Each share of Common Stock entitles the holders thereof to one vote.
Holders of Common Stock do not have cumulative voting rights which means that
the holders of more than 50% of the shares voting for the election of Directors
can elect all of the Directors if they choose to do so, and, in such event, the
holders of the remaining shares will not be able to elect any Directors. The
By-Laws of the Company require that only a majority of the issued and
outstanding shares of Common Stock of the Company need be represented to
constitute a quorum and to transact business at a stockholders' meeting. The
Common Stock has no preemptive, subscription or conversion rights and is not
redeemable by the Company.
PREFERRED STOCK
The Company is authorized to issue a total of 1,000,000 shares of
Preferred Stock, par value $1.00 per share. The Preferred Stock may be issued by
resolutions of the Company's Board of Directors from time to time without any
action of the stockholders. Such resolutions may authorize issuances of such
Preferred Stock in one or more series and may fix and determine dividend and
liquidation preferences, voting rights, conversion privileges, redemption terms
and other privileges and rights of the shares of each authorized series. While
the Company includes such Preferred Stock in its capitalization in order to
enhance its financial flexibility, such Preferred Stock could possibly be used
by the Company as a means to preserve control by present management in the event
of a potential hostile takeover of the Company. In addition, the issuance of
large blocks of Preferred Stock could possibly have a dilutive effect with
respect to the existing holders of Common Stock of the Company.
SERIES A PREFERRED STOCK
Series A Preferred Stock was established by the Board of Directors in
January 1984. Each share of Series A Preferred Stock is immediately convertible
into 4.26 shares of Common Stock. Dividends on the Series A Preferred Stock are
cumulative, have priority to the Common Stock and are payable in either cash or
Common Stock, at the option of the Company.

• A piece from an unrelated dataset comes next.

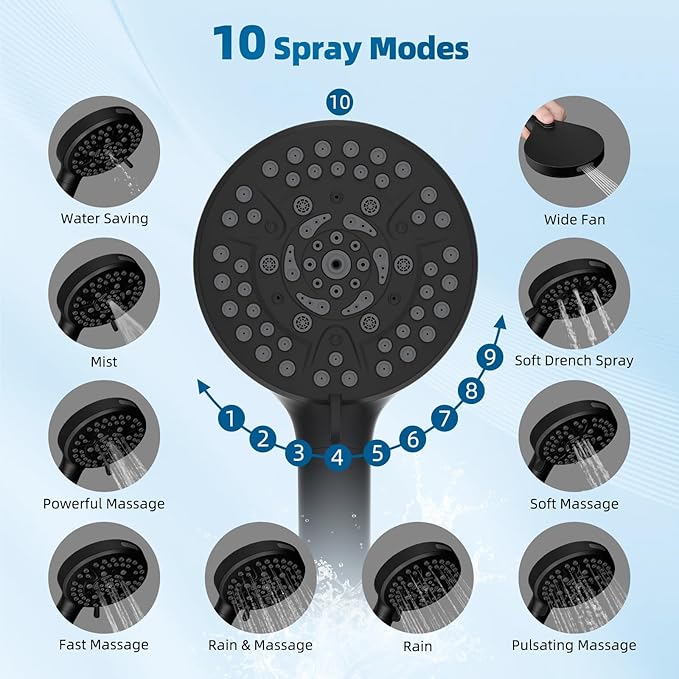 Hibbent All Metal Shower Head, 12'' High Pressure Rain Shower Head/Handheld Showerhead Combo with 16'' Adjustable Arc-shaped Extension Arm, 10 Sprays, 71'' Hose, Showerhead Holder, Matte Black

The Series A Preferred Stock has voting rights only if dividends are in
arrears for five annual dividends. Upon such occurrence, the voting would be
limited to the election of two directors. Voting rights terminate upon payment
of the cumulative dividends. The Series A Preferred Stock is redeemable at the
option of the Company at any time after expiration of ten consecutive business
days during which the bid or last sale price for the Common Stock is $6.00 per
share or higher. There is no mandatory redemption or sinking fund obligation
with respect to the Series A Preferred Stock.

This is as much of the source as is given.